** Action item **
Please copy the leading lines of the entries below exactly, concluding with the line in which "Tạo thuận lợi" occurs.

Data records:

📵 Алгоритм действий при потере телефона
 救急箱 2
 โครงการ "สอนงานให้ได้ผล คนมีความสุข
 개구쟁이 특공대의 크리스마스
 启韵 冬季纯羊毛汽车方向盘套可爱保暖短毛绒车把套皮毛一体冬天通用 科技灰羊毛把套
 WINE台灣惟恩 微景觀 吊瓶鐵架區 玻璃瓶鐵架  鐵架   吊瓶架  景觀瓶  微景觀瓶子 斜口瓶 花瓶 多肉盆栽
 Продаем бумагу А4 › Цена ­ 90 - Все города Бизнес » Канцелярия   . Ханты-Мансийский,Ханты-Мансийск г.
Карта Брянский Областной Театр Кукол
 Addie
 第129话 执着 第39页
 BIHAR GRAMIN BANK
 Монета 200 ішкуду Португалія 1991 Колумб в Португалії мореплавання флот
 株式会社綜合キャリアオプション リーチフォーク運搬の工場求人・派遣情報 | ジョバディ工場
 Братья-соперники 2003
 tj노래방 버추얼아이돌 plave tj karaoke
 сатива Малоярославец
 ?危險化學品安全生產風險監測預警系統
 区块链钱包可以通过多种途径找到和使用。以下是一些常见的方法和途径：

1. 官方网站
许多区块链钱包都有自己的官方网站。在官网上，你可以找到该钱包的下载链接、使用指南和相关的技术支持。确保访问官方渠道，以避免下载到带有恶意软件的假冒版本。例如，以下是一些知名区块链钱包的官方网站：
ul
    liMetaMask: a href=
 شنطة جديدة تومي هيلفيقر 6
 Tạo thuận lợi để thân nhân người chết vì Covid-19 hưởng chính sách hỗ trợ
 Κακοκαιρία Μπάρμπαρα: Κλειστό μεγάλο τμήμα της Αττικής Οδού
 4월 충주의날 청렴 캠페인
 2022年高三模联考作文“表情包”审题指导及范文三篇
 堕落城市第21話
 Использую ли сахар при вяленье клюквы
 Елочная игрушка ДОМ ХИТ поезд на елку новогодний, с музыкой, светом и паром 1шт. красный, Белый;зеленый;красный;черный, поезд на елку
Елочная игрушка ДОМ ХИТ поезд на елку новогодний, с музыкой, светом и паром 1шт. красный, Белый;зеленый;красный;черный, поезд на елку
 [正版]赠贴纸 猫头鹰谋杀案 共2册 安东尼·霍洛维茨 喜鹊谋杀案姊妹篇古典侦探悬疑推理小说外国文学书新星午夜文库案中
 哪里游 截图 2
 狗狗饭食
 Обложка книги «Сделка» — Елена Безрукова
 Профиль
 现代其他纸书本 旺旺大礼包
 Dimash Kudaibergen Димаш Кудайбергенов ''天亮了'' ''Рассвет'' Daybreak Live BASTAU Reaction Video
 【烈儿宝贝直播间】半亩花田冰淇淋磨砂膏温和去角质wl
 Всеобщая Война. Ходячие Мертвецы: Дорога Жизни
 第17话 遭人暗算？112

** Answer to this exercise **
📵 Алгоритм действий при потере телефона
 救急箱 2
 โครงการ "สอนงานให้ได้ผล คนมีความสุข
 개구쟁이 특공대의 크리스마스
 启韵 冬季纯羊毛汽车方向盘套可爱保暖短毛绒车把套皮毛一体冬天通用 科技灰羊毛把套
 WINE台灣惟恩 微景觀 吊瓶鐵架區 玻璃瓶鐵架  鐵架   吊瓶架  景觀瓶  微景觀瓶子 斜口瓶 花瓶 多肉盆栽
 Продаем бумагу А4 › Цена ­ 90 - Все города Бизнес » Канцелярия   . Ханты-Мансийский,Ханты-Мансийск г.
Карта Брянский Областной Театр Кукол
 Addie
 第129话 执着 第39页
 BIHAR GRAMIN BANK
 Монета 200 ішкуду Португалія 1991 Колумб в Португалії мореплавання флот
 株式会社綜合キャリアオプション リーチフォーク運搬の工場求人・派遣情報 | ジョバディ工場
 Братья-соперники 2003
 tj노래방 버추얼아이돌 plave tj karaoke
 сатива Малоярославец
 ?危險化學品安全生產風險監測預警系統
 区块链钱包可以通过多种途径找到和使用。以下是一些常见的方法和途径：

1. 官方网站
许多区块链钱包都有自己的官方网站。在官网上，你可以找到该钱包的下载链接、使用指南和相关的技术支持。确保访问官方渠道，以避免下载到带有恶意软件的假冒版本。例如，以下是一些知名区块链钱包的官方网站：
ul
    liMetaMask: a href=
 شنطة جديدة تومي هيلفيقر 6
 Tạo thuận lợi để thân nhân người chết vì Covid-19 hưởng chính sách hỗ trợ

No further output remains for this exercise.